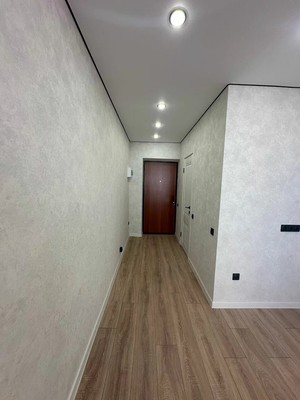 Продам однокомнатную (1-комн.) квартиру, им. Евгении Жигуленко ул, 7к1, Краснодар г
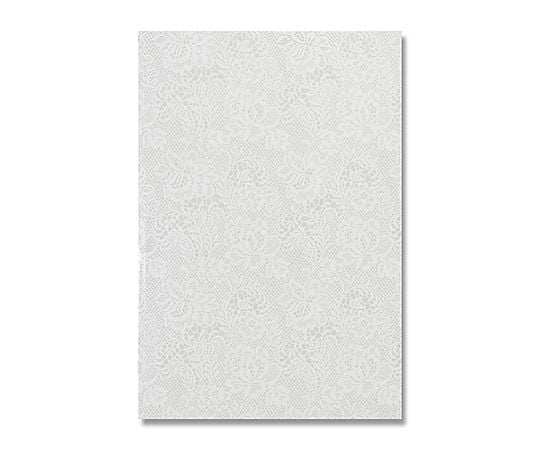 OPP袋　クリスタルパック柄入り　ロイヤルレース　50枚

...

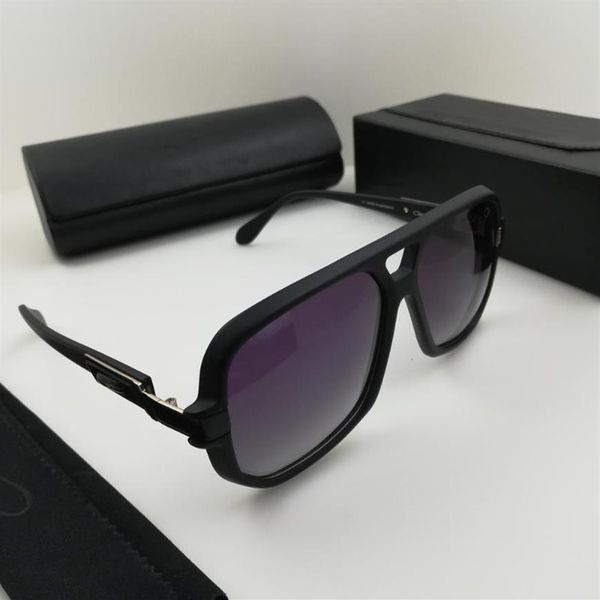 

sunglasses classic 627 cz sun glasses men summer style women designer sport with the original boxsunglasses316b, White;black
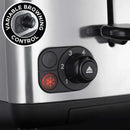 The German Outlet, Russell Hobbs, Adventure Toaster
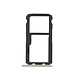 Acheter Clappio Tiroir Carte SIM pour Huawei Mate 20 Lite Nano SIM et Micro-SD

• What to produce
Return exactly the lines above, from the one with "sunglasses classic 627" up to and including the one with "Acheter Clappio Tiroir", and include no pictures.

• Written solution
sunglasses classic 627 cz sun glasses men summer style women designer sport with the original boxsunglasses316b, White;black
 The German Outlet, Russell Hobbs, Adventure Toaster
 Acheter Clappio Tiroir Carte SIM pour Huawei Mate 20 Lite Nano SIM et Micro-SD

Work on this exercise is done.